Work request: Would you please set down, word for word, the lines from the one with "Inktastic Breast Cancer" through the final line of the data below, omitting any pictures?
================
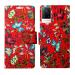 A D Enterprises Red Pattern Flip Cover for Vivo V21 5G | Magnetic Case | Shock Absorbent | Flip Cover Vivo V21 5G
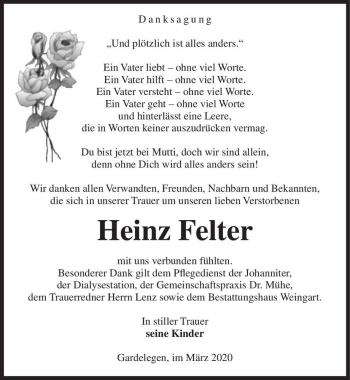 Traueranzeige von Heinz Felter  von Magdeburger Volksstimme
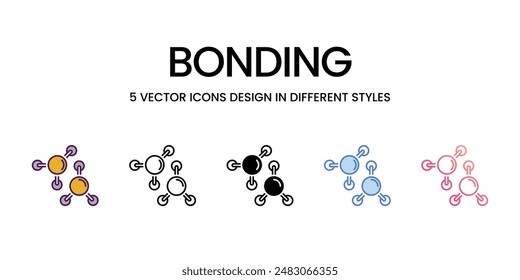 Bonding Icons different style vector stock illustration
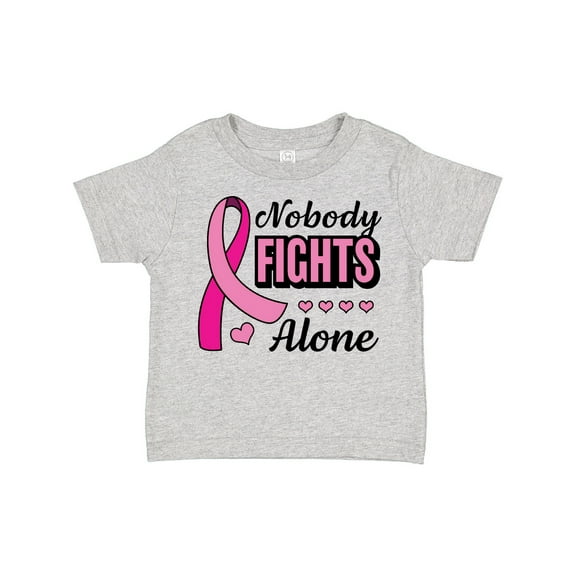 Inktastic Breast Cancer Awareness Nobody Fights Alone Pink Ribbon Boys or Girls Toddler T-Shirt
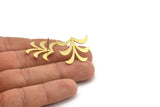 Brass Leaf Earring, 6 Raw Brass Leaf Stud Earrings, Findings (20x25x1mm) A3595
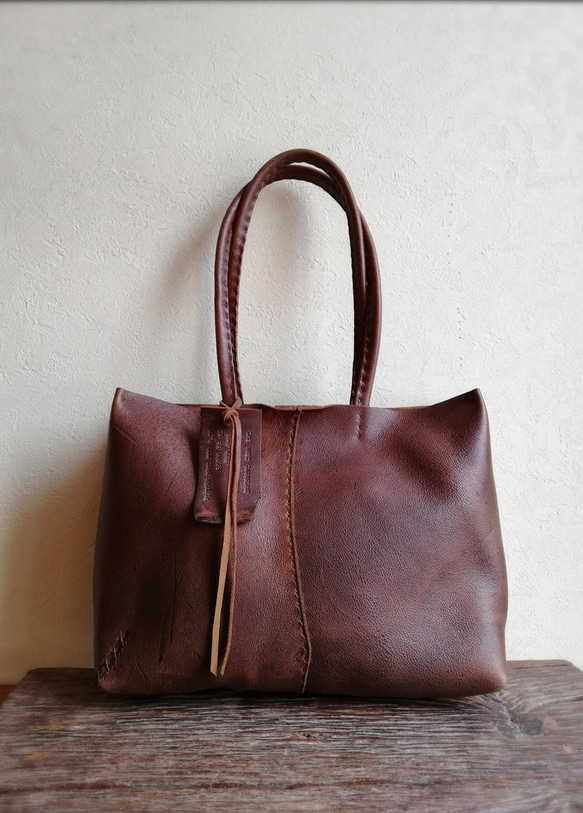 ざっくりtote　ダークブラウン　kudu leather 1枚目の画像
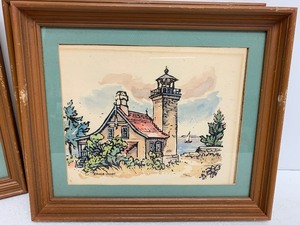 lot 299 image: 3 Framed Signed MAX FERNEKES Signed Watercolors - Milwaukee Artist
================
Written solution:
 Inktastic Breast Cancer Awareness Nobody Fights Alone Pink Ribbon Boys or Girls Toddler T-Shirt
 Brass Leaf Earring, 6 Raw Brass Leaf Stud Earrings, Findings (20x25x1mm) A3595
 ざっくりtote　ダークブラウン　kudu leather 1枚目の画像
 lot 299 image: 3 Framed Signed MAX FERNEKES Signed Watercolors - Milwaukee Artist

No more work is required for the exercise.